> _Extracted material_
□ □ □
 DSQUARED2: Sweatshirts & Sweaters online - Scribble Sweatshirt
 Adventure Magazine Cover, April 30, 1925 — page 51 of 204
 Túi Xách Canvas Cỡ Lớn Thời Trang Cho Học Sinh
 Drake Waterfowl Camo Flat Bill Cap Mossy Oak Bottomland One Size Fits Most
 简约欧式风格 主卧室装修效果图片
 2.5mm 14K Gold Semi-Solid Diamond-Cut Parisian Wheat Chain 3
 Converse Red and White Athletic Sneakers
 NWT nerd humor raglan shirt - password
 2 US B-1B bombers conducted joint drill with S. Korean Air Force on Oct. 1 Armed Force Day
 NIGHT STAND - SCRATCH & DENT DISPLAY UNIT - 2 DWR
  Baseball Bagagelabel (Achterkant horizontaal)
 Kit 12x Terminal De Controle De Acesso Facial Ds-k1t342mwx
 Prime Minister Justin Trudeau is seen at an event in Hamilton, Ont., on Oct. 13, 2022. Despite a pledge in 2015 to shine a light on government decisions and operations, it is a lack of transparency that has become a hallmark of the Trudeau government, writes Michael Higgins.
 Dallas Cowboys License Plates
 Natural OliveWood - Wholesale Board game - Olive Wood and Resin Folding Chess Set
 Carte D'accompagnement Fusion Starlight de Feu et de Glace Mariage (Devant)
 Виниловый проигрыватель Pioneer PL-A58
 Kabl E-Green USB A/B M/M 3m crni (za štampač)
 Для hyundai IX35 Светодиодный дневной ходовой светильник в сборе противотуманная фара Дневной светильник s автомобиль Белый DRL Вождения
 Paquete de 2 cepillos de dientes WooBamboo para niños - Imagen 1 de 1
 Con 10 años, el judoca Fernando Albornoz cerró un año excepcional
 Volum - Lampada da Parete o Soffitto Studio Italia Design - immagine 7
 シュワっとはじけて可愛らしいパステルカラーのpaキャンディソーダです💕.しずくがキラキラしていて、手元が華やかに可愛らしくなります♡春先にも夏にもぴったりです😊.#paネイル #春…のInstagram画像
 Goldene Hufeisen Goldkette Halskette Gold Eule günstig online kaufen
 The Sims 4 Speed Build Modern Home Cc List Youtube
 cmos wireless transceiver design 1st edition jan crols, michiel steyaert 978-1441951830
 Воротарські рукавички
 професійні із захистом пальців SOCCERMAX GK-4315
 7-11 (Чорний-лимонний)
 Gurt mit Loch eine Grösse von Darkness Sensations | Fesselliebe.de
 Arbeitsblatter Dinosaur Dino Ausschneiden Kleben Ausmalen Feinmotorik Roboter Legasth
□ □ □
> _Assignment_
The full listing should be restated word for word.

> _Output_
 DSQUARED2: Sweatshirts & Sweaters online - Scribble Sweatshirt
 Adventure Magazine Cover, April 30, 1925 — page 51 of 204
 Túi Xách Canvas Cỡ Lớn Thời Trang Cho Học Sinh
 Drake Waterfowl Camo Flat Bill Cap Mossy Oak Bottomland One Size Fits Most
 简约欧式风格 主卧室装修效果图片
 2.5mm 14K Gold Semi-Solid Diamond-Cut Parisian Wheat Chain 3
 Converse Red and White Athletic Sneakers
 NWT nerd humor raglan shirt - password
 2 US B-1B bombers conducted joint drill with S. Korean Air Force on Oct. 1 Armed Force Day
 NIGHT STAND - SCRATCH & DENT DISPLAY UNIT - 2 DWR
  Baseball Bagagelabel (Achterkant horizontaal)
 Kit 12x Terminal De Controle De Acesso Facial Ds-k1t342mwx
 Prime Minister Justin Trudeau is seen at an event in Hamilton, Ont., on Oct. 13, 2022. Despite a pledge in 2015 to shine a light on government decisions and operations, it is a lack of transparency that has become a hallmark of the Trudeau government, writes Michael Higgins.
 Dallas Cowboys License Plates
 Natural OliveWood - Wholesale Board game - Olive Wood and Resin Folding Chess Set
 Carte D'accompagnement Fusion Starlight de Feu et de Glace Mariage (Devant)
 Виниловый проигрыватель Pioneer PL-A58
 Kabl E-Green USB A/B M/M 3m crni (za štampač)
 Для hyundai IX35 Светодиодный дневной ходовой светильник в сборе противотуманная фара Дневной светильник s автомобиль Белый DRL Вождения
 Paquete de 2 cepillos de dientes WooBamboo para niños - Imagen 1 de 1
 Con 10 años, el judoca Fernando Albornoz cerró un año excepcional
 Volum - Lampada da Parete o Soffitto Studio Italia Design - immagine 7
 シュワっとはじけて可愛らしいパステルカラーのpaキャンディソーダです💕.しずくがキラキラしていて、手元が華やかに可愛らしくなります♡春先にも夏にもぴったりです😊.#paネイル #春…のInstagram画像
 Goldene Hufeisen Goldkette Halskette Gold Eule günstig online kaufen
 The Sims 4 Speed Build Modern Home Cc List Youtube
 cmos wireless transceiver design 1st edition jan crols, michiel steyaert 978-1441951830
 Воротарські рукавички
 професійні із захистом пальців SOCCERMAX GK-4315
 7-11 (Чорний-лимонний)
 Gurt mit Loch eine Grösse von Darkness Sensations | Fesselliebe.de
 Arbeitsblatter Dinosaur Dino Ausschneiden Kleben Ausmalen Feinmotorik Roboter Legasth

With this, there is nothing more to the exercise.